The Australian Stock Exchange is approaching December 31 with a "great deal of wariness", according to an official.
Gervase Greene, ASX's media relations manager, said the exchange is "quite satisfied" with its systems compliance following a $10 million rectification project. Final tests with financial brokering houses were completed by the ASX only a few weeks ago, Green said.
Based on those final tests, "everything was OK as far as we know," he said. "We are quite satisfied with our systems, including the core system, clearance system, settlement system, trading system and options system. We are confident they will be OK.
"There is no way you will disappear into the ether if you own shares."
In terms of the Y2K readiness of the financial market, Greene said "as far as we're aware, the situation is pretty benign. "[Organisations] say they're OK, but we can't guarantee that they will be . . . they can hardly say they weren't warned," he said.

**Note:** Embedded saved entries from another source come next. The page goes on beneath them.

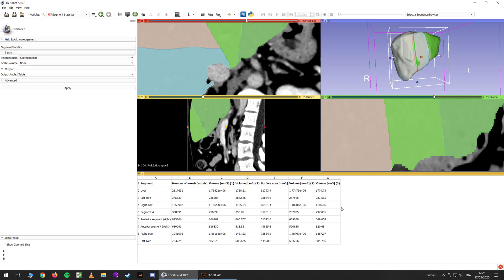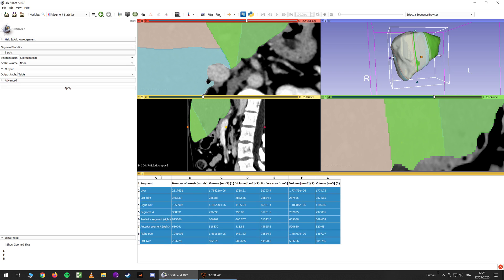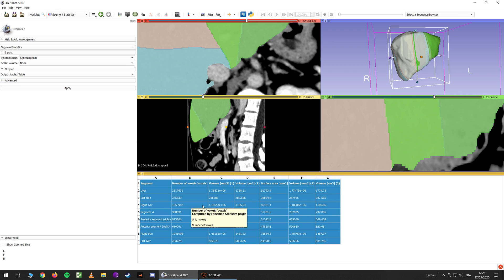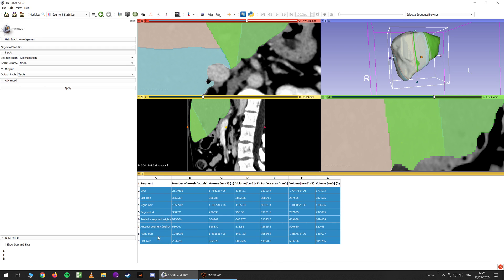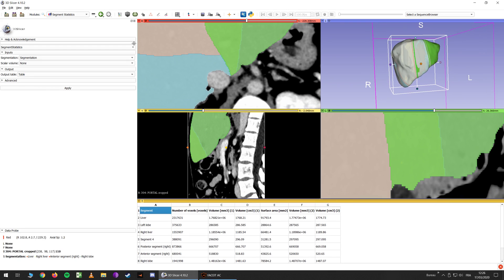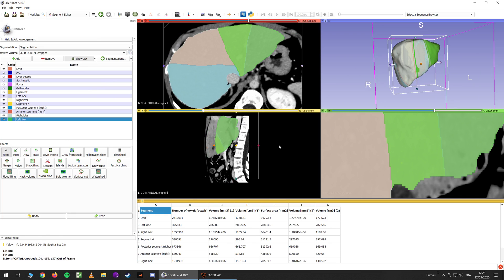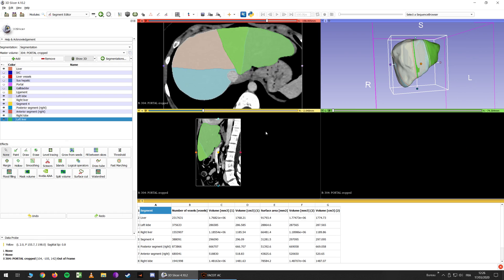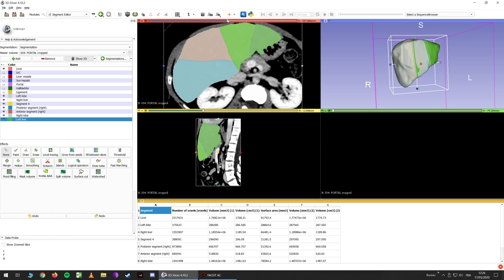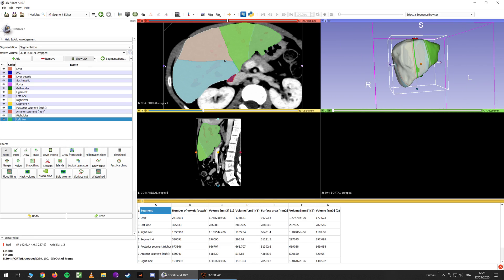For example, the volume of the liver is 1.7 liters, and you have volumes in milliliters here. So you have every volume you need, and you should probably be able to copy-paste this. Now you have all the volumes you want to know. I hope this video helps. You can even use this kind of segmentation to help your students if you want. I hope you liked this video, and next time we will talk about a totally different subject. Thank you for watching.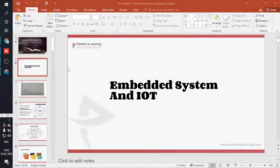Good evening guys. Today's session is about embedded systems and IoT. We'll start with the embedded system first.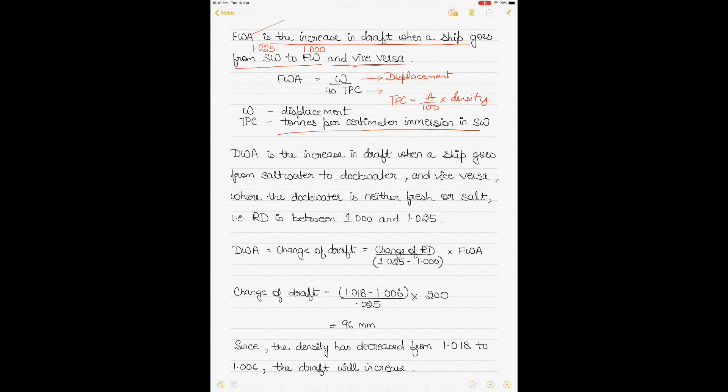The fresh water allowance calculated by this formula for the summer load condition is called the fresh water allowance of the ship. It is mentioned in the load line certificate and is considered constant for load lines marked on the ship's side such as the tropical, summer, and winter load lines. When a ship loads down to her marks in fresh water, she can immerse her load line by the FWA so that when she goes to sea water she will rise to the appropriate load line.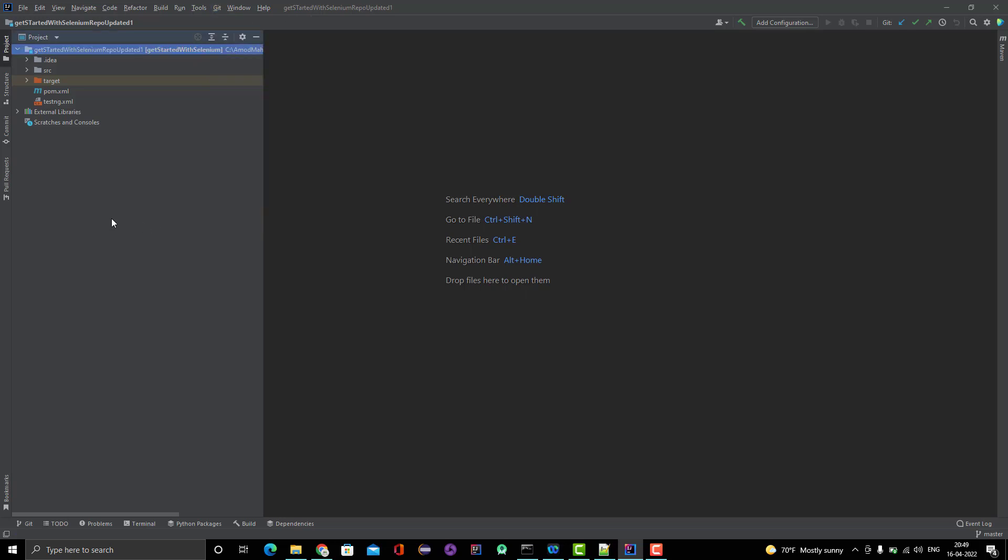So that's all in this video. It is really simple to clone any Git project into IntelliJ IDEA, like just two or three steps. If you have any confusion, please comment on this video or if you are liking my video, please like, comment, subscribe and share with others. Thank you everyone.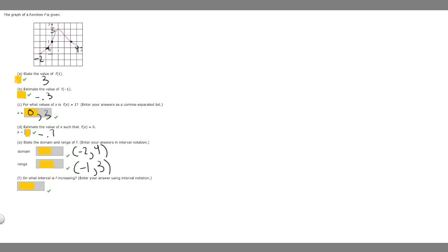Finally, we're asked on what interval is f increasing. Looking at the graph, f is increasing here — the y value is going up in this section. It starts increasing at x = -2 and goes all the way up to x = 1. So from the interval -2 to 1 is where f is increasing. And so these are the answers to this problem.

Listed companies have been required to regularly report Y2K status to the ASX throughout the year as a means to keep shareholders fully aware of the compliance of companies they deal with, Greene said.
Greene said despite a slowdown in some industries as a result of Y2K, the ASX is expecting January 2000 to be a "reasonably busy" trading period compared with previous years.
The decline in travelling over the New Year period will see more brokers at their desks in the first week on January, he said.
As reported earlier, the ASX will cease trading late on December 30 and will resume on Tuesday, January 4.
While Australia will be the among the first countries to experience the date change, the ASX will resume trading after markets in Israel and the US, Greene said.